▶ **DIRECTIONS FOR THIS TASK**
Exercise in exact copying: restate word for word only the lines below from the one containing "SWAMP MONSTER CAKE" through the one containing "0.1-0.3 Machine d'épluchage", omitting any pictures.

▶ **AVAILABLE RECORDS**
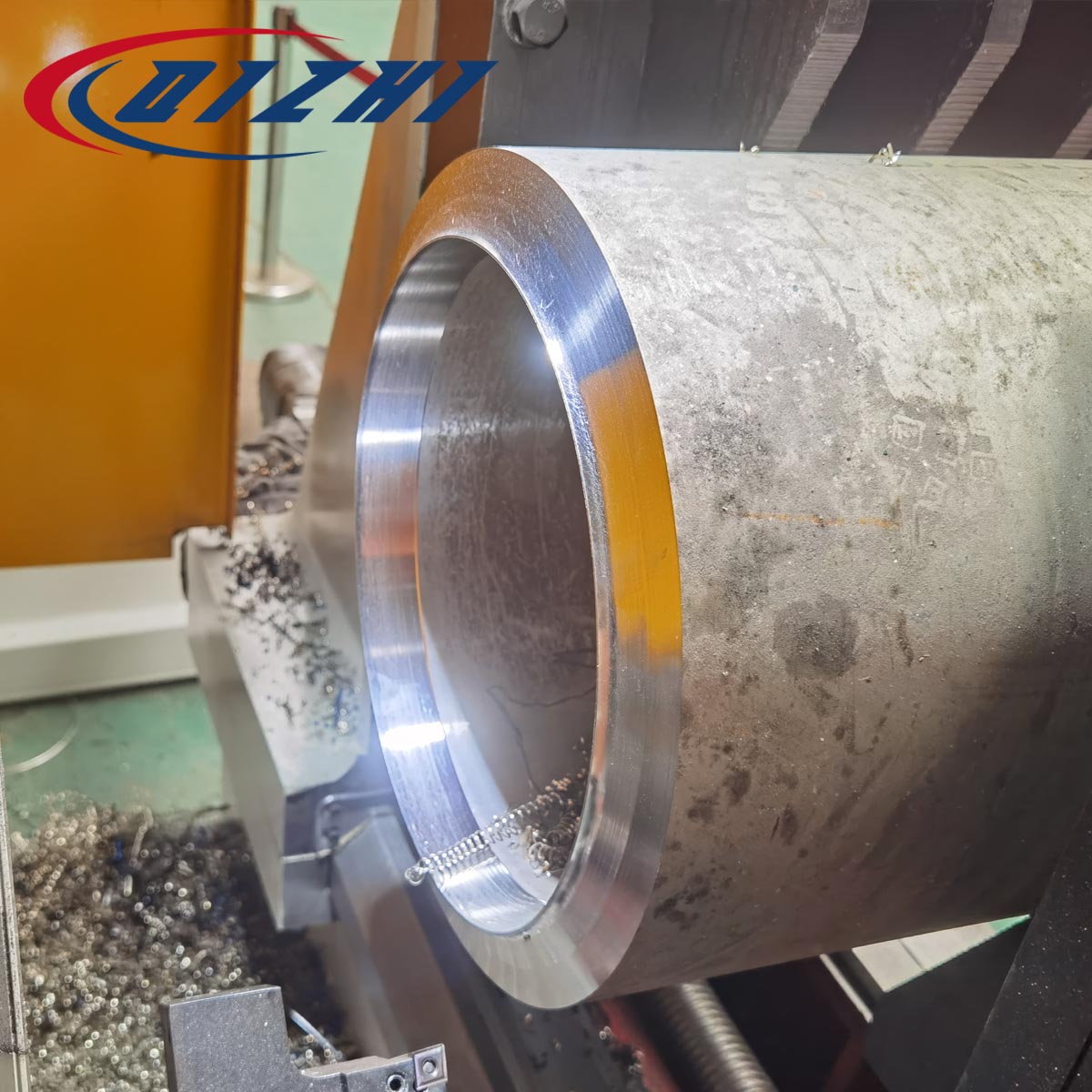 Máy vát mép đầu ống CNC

* * *

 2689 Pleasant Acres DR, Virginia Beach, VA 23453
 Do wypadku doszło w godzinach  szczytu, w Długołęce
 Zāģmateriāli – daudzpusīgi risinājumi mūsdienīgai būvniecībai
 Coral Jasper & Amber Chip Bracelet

--

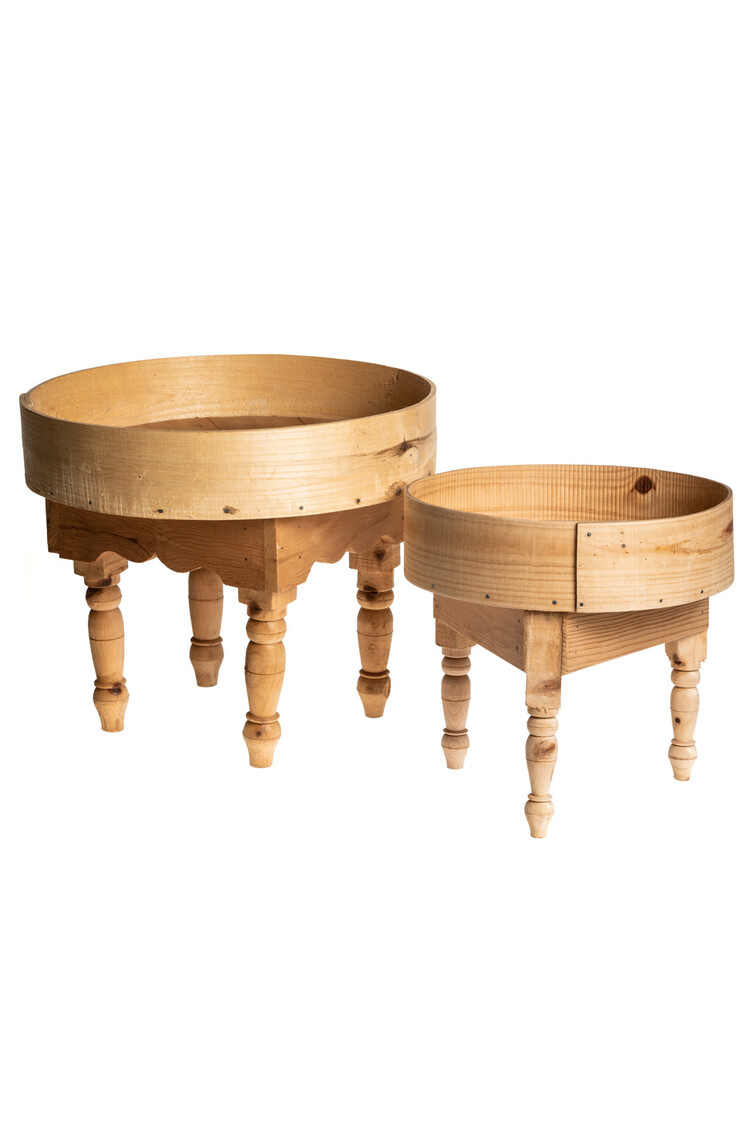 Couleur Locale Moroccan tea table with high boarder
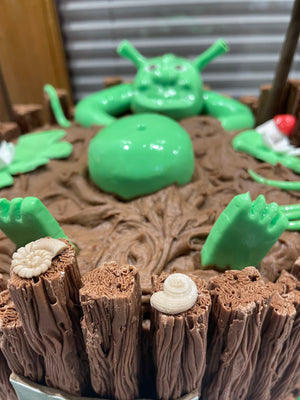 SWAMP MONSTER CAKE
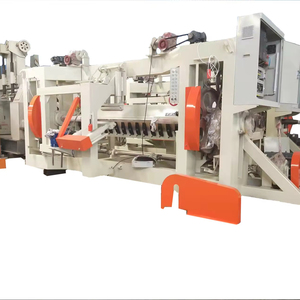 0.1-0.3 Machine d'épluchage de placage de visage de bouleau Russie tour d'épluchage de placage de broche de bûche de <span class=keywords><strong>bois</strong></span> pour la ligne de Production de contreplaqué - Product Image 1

▶ **TASK ANSWER**
 SWAMP MONSTER CAKE
 0.1-0.3 Machine d'épluchage de placage de visage de bouleau Russie tour d'épluchage de placage de broche de bûche de <span class=keywords><strong>bois</strong></span> pour la ligne de Production de contreplaqué - Product Image 1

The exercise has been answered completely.